Era l’ambiente ideale per tziu Maloccu, personaggio ubiquo. C’era chi sosteneva che il giorno prima, sotto il solleone, pestava fango per ricavarne mattoni, non lontano dal fiume di cui parla Grazia Deledda in Canne al vento. Somigliava in maniera impressionante a Efix, il servo delle dame Pintor. Ora invece, tziu Maloccu è al suo posto, a piazza San Giovanni. Vendeva galli, puddichinos, spacciandoli per galline ovaiole e concluso l’affare così si rivolgeva all’acquirente: «Buscatebos su restu de su tenore ca sa oche da la tenites».

Da Piazza San Giovanni si dipartivano molte altre strade una volta finito il giorno di mercato. Tziu Maloccu tutte le conosceva. Dicono che all’occasione diventasse anche lui, proprio come Efix, petitore.  A differenza di Efix però, mendicante per espiazione, persona sofferente, parco con le parole, tziu Maloccu non perde mai la capacità di vrastinare e irroccare.

C’è un intero catalogo di maledizioni se non inventate perlomeno da lui ispirate. Tra le più famose quelle rivolte contro le forze dell’ordine che allora, nella Sardegna dell’interno e della costa, spesso assediata più che protetta dae sa Giustissa, erano considerate presenza ostile. Nessuna possibilità di conciliazione, nessuna alleanza con quell’esercito di cavallette. Come sentimento popolare, tziu Maloccu non faceva eccezione. Si dice che un giorno, nel suo itinerare per le strade di Baronia e Barbagia fu fermato a poche ore di distanza l’una dall’altra prima dai carabinieri e poi dalla polizia. Le consequenziali maledizioni sono in rima, in perfetto stile Maloccu: «…sos carabineris, unu chin eris chi bi ne campet… sa polizia, unu ebbia chi bi ne restet e a lu ‘idere in fotografia». La modernità dà forma all’antico. 
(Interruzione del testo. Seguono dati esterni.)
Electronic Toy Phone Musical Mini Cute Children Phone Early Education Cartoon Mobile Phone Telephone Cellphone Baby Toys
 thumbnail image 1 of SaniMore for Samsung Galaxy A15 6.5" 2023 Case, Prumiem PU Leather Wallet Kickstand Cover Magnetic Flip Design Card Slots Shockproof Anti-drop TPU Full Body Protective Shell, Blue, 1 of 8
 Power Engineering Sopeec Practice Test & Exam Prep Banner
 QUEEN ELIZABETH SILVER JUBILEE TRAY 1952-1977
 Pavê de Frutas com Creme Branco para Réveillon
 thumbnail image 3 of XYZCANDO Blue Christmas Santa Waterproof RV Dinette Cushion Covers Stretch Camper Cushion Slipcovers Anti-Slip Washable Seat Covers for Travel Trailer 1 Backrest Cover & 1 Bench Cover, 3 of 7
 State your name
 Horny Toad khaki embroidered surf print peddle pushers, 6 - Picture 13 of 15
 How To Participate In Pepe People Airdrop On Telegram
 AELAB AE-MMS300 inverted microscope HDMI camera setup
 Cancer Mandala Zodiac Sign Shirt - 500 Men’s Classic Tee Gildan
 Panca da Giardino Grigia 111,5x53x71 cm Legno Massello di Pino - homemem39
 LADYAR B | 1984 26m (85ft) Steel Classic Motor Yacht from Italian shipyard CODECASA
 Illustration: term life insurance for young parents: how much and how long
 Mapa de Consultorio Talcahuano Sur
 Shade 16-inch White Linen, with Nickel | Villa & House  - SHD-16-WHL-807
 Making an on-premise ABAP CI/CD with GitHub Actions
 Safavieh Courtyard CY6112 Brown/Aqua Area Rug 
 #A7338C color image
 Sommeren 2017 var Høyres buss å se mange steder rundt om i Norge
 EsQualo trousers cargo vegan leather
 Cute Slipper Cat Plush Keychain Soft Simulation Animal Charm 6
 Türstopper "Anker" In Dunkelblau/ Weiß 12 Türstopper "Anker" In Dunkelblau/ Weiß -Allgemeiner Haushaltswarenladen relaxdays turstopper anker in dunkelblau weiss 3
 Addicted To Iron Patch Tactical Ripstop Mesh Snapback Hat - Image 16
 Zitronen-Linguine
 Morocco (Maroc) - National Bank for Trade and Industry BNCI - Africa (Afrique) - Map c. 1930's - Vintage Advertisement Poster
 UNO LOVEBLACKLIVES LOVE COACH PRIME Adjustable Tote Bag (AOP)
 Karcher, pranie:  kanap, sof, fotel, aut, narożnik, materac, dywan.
Forse, di tutto questo che abbiamo raccontato, il vero, quanto realmente accaduto, è minima parte rispetto all’invenzione. Però tutto è possibile, segno narrativo di un tempo, di un contesto, la nostra storia in fondo, dove l’aspetto prosaico brucia come sale sulla ferita. 

Maloccu sta nel segno dell’umano, di una sopportabile umanità. Le sue maledizioni non hanno bisogno di gesti apotropaici né di esorcismi. Provocano più riso che terrore. E inducono a pensare. Tziu Maloccu ha attraversato, da protagonista e da testimone un secolo altrimenti terribile, di desolazione, fame, malaria, guerre per bande, tutte le emigrazioni in cerca, quasi sempre di pane mentzus de tricu. Il personaggio si presenta a suo modo, senza mai far perdere alle parole la forza di contrasto ma pure di memoria storica.